** Source data **
◇ ◇ ◇ ◇ ◇

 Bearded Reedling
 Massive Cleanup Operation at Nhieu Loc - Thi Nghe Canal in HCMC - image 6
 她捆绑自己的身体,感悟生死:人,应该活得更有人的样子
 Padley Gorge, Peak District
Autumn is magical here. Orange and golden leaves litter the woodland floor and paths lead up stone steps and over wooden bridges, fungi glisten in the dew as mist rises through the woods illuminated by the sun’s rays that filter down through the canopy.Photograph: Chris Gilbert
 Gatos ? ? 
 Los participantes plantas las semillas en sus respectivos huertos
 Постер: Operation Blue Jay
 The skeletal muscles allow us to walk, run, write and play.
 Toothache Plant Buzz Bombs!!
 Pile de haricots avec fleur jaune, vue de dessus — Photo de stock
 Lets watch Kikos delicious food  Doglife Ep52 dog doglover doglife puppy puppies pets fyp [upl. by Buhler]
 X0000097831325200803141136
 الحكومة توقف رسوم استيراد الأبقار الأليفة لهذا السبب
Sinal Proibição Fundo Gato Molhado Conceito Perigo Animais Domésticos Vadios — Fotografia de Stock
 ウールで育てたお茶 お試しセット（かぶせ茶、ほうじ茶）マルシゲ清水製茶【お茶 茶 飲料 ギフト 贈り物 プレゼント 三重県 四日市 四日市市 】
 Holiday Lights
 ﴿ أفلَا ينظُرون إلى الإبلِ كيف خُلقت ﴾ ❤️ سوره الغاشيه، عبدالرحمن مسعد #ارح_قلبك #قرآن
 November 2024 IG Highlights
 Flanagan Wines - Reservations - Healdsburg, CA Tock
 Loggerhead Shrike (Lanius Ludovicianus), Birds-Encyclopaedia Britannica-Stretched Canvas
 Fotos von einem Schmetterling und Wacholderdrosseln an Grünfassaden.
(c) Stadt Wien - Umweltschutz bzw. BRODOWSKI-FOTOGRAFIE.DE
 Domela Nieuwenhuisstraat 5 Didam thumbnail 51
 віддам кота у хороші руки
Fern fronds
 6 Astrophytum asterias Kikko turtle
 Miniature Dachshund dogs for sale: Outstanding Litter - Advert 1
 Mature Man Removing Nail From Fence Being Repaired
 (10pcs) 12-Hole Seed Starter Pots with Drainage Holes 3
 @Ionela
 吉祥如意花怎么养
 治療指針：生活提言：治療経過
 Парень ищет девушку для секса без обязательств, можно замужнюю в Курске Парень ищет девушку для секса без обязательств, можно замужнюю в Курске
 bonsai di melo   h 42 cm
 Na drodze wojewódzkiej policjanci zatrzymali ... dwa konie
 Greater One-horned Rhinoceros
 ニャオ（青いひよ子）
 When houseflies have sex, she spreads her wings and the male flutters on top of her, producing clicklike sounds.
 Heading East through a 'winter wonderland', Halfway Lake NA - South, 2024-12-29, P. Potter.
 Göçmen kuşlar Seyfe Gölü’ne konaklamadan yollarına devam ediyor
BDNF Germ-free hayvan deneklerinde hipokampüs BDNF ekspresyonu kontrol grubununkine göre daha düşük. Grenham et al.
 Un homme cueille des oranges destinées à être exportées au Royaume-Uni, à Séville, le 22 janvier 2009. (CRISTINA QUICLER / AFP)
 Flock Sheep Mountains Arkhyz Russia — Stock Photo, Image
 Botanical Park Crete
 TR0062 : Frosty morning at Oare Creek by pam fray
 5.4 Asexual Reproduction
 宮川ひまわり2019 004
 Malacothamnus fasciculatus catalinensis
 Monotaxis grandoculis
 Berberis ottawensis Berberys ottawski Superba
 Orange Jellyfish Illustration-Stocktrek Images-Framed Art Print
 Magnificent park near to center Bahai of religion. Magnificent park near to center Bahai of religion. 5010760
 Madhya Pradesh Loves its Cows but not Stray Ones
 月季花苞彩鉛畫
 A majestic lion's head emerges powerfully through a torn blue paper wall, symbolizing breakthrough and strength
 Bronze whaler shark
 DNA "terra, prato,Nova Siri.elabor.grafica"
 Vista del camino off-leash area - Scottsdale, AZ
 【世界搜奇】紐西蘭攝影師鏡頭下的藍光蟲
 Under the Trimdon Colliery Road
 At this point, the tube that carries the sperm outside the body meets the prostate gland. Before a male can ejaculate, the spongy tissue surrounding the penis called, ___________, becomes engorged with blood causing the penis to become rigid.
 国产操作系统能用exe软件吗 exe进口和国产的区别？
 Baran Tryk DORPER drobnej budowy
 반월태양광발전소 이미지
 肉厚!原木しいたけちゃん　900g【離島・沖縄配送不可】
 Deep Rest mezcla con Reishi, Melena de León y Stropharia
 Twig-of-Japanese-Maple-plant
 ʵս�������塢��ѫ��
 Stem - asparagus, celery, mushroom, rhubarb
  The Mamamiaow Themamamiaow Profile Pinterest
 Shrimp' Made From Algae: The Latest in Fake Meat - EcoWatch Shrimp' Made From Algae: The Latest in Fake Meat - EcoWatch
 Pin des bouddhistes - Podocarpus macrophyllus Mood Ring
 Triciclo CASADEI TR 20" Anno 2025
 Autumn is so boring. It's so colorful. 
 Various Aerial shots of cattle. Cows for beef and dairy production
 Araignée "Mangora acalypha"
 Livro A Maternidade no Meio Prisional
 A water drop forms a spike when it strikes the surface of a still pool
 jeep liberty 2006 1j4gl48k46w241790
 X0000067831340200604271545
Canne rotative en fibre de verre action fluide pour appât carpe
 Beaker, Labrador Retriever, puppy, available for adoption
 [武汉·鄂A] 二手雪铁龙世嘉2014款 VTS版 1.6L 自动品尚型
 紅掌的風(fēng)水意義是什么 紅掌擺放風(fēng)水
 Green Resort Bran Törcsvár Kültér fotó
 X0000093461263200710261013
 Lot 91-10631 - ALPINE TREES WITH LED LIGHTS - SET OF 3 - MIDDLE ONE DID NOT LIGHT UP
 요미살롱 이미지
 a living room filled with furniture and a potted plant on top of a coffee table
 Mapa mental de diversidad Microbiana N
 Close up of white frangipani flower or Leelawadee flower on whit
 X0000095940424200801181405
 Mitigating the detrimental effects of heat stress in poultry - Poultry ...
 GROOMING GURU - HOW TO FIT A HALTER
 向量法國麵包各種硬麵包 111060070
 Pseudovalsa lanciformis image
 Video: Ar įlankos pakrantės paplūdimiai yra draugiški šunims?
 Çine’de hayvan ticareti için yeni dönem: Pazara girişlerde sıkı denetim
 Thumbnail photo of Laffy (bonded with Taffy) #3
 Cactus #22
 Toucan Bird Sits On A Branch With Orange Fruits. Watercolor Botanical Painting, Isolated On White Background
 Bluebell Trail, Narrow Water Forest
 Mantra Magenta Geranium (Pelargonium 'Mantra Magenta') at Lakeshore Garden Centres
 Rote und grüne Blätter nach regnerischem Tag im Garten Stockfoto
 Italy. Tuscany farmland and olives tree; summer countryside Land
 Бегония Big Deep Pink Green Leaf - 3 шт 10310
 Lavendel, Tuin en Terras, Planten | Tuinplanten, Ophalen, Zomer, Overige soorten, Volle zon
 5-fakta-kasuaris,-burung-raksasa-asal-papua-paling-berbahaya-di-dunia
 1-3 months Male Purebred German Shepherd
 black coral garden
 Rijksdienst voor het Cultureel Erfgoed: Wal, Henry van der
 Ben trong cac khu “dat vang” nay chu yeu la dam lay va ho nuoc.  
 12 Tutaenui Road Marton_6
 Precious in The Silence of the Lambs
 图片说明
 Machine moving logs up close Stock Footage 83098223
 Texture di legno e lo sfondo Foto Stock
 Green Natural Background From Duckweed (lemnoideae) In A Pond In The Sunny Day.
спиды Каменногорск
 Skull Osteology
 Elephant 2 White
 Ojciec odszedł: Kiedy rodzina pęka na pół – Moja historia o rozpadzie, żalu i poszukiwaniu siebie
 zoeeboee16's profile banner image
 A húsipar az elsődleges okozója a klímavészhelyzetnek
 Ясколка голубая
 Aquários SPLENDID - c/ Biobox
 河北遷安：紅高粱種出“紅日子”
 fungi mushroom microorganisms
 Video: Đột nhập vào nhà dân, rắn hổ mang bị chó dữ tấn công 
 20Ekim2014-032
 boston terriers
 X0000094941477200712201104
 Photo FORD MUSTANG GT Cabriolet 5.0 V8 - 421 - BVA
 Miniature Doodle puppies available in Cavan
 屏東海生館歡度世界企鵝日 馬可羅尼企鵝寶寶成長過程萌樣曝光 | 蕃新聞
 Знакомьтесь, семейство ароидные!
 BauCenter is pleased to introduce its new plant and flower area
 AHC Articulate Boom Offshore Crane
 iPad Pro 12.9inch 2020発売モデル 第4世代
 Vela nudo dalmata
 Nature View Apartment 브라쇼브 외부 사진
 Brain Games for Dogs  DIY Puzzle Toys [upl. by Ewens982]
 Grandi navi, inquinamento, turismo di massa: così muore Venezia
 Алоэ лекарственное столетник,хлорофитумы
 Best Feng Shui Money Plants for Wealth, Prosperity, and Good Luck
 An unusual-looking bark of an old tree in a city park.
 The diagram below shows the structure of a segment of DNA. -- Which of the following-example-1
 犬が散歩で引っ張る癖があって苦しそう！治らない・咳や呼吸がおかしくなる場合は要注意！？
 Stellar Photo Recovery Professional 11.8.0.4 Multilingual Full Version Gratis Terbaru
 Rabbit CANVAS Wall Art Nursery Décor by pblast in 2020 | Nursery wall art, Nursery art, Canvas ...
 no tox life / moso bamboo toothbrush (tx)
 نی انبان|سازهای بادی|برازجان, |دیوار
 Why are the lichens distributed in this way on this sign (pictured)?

◇ ◇ ◇ ◇ ◇

** Problem statement **
How many lines of these entries contain "Cows"? Answer with the number and nothing else.

** Exercise answer **
2